# Jerry Hale's Rotary Engine



## Bernd (Sep 10, 2008)

I'm a subscriber of Model Engine Builder magazine. The recent issue has a very interesting engine that Jerry Hale designed. It is based on a Wankel engine but has what looks like 4 cylinders inside a ring and one spark plug. Bascially all four cylinders revolve inside the ring. They have a video of the engine running. A very sweet sounding engine. Here is the link The Hale Rotary. A must see video.

Regards,
Bernd


----------



## BobWarfield (Sep 10, 2008)

Wow, it really does run well. It's quite an intriguing design.

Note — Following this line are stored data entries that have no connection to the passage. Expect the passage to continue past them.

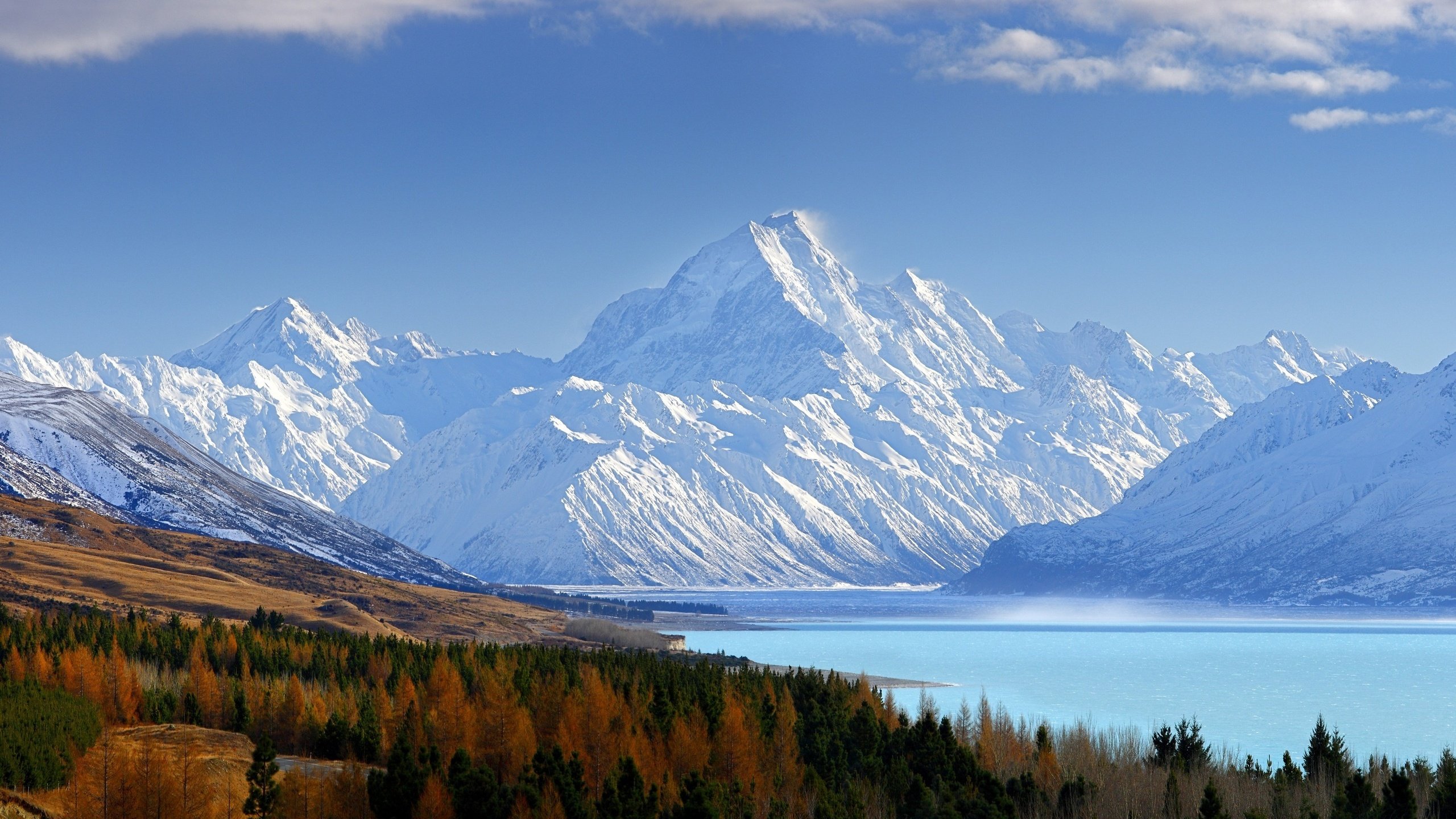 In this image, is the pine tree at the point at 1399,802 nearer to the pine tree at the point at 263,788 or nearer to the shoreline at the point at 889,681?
the pine tree at the point at 263,788

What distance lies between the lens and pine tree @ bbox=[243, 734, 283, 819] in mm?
63625

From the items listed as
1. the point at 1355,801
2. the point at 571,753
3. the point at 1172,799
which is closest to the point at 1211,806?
the point at 1172,799

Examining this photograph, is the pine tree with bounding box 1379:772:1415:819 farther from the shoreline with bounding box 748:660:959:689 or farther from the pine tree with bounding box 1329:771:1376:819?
the shoreline with bounding box 748:660:959:689

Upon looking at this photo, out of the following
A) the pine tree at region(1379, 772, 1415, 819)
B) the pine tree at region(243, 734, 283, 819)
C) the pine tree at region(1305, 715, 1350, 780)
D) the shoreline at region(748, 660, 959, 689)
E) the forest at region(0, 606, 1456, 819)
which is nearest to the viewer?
the pine tree at region(243, 734, 283, 819)


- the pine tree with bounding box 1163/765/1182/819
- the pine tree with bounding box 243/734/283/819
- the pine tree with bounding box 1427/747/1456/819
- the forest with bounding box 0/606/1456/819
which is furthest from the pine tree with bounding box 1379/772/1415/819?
the pine tree with bounding box 243/734/283/819

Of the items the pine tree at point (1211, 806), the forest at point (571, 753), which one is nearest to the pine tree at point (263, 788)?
the forest at point (571, 753)

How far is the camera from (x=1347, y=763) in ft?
282

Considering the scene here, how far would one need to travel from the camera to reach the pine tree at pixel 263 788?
6362cm

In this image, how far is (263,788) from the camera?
66.9 m

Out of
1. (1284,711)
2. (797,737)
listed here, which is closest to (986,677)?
(1284,711)

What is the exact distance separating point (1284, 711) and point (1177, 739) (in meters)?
50.0

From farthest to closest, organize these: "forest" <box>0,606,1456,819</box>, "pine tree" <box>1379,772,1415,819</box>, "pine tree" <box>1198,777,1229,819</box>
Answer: "pine tree" <box>1379,772,1415,819</box>
"forest" <box>0,606,1456,819</box>
"pine tree" <box>1198,777,1229,819</box>

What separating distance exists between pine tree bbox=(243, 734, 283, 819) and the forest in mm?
132

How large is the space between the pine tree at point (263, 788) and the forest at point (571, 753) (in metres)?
0.13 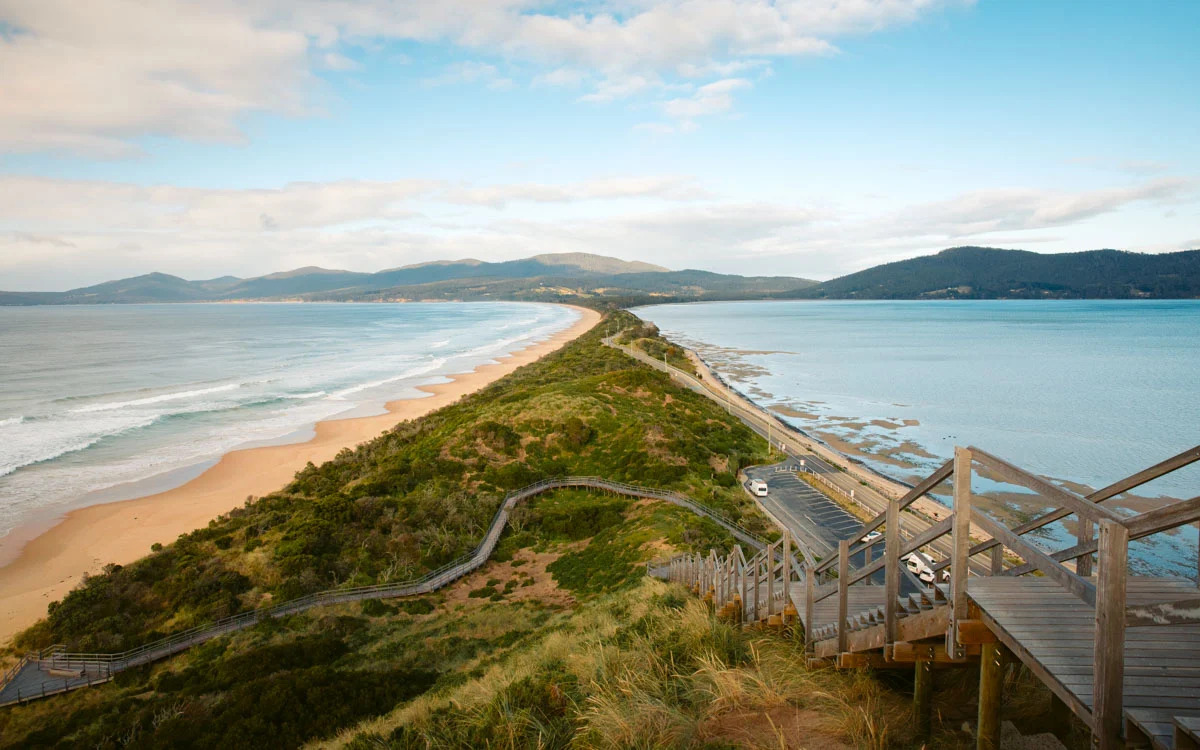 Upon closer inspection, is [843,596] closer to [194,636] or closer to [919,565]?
[919,565]

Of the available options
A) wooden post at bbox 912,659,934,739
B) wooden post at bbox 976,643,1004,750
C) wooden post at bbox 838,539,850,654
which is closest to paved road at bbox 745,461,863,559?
wooden post at bbox 838,539,850,654

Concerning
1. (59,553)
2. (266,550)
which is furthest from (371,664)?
(59,553)

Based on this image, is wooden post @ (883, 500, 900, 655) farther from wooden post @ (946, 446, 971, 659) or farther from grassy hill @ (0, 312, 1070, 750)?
grassy hill @ (0, 312, 1070, 750)

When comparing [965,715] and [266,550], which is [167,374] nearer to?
→ [266,550]

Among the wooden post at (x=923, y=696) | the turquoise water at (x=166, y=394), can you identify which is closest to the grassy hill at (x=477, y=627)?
the wooden post at (x=923, y=696)

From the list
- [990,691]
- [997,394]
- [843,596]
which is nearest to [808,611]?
[843,596] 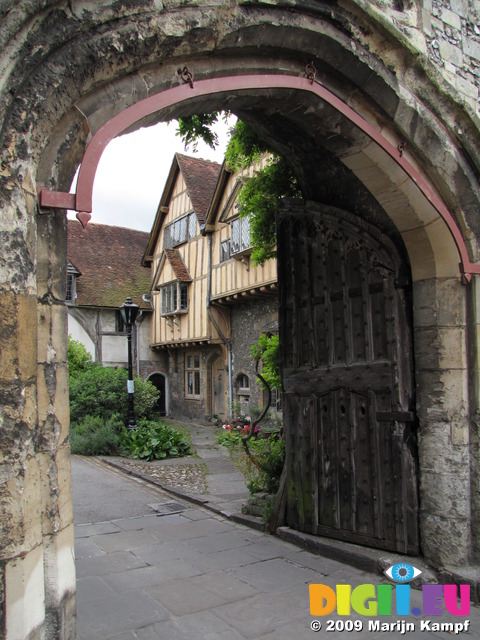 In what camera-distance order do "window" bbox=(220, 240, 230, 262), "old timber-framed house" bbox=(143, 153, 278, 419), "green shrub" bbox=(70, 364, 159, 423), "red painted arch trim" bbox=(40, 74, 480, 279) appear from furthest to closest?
"window" bbox=(220, 240, 230, 262)
"old timber-framed house" bbox=(143, 153, 278, 419)
"green shrub" bbox=(70, 364, 159, 423)
"red painted arch trim" bbox=(40, 74, 480, 279)

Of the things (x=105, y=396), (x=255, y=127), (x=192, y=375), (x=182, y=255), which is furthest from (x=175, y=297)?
(x=255, y=127)

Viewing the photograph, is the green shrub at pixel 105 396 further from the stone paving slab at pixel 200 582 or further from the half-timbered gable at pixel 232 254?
the stone paving slab at pixel 200 582

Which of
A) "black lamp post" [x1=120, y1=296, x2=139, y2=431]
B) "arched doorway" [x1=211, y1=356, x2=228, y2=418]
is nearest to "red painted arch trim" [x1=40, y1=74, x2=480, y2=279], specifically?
"black lamp post" [x1=120, y1=296, x2=139, y2=431]

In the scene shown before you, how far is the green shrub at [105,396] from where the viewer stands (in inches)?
511

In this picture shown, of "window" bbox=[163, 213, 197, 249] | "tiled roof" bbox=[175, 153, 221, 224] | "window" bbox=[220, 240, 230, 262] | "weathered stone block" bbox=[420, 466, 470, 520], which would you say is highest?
"tiled roof" bbox=[175, 153, 221, 224]

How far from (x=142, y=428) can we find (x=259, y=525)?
7.17m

Hale apparently was an engine designer professionally and this was a retirement project.

I'd hate to try to build it without CNC, but he did it all on manual machines.

Best,

BW


----------



## Bogstandard (Sep 11, 2008)

I remember when Jerry Hale first built it,

http://www.floridaame.org/GalleryPages/g1m0075.htm

It seems to have made a bit of a resurrection

It has a bit of a feature in Model Engine News.

http://modelenginenews.org/index.html

Go down the page a bit

John


----------



## Bernd (Sep 11, 2008)

I see it's been around for a while, since 2002.  

First I've seen of it was in MEB. Still, impressive to hear it run.

Bernd


----------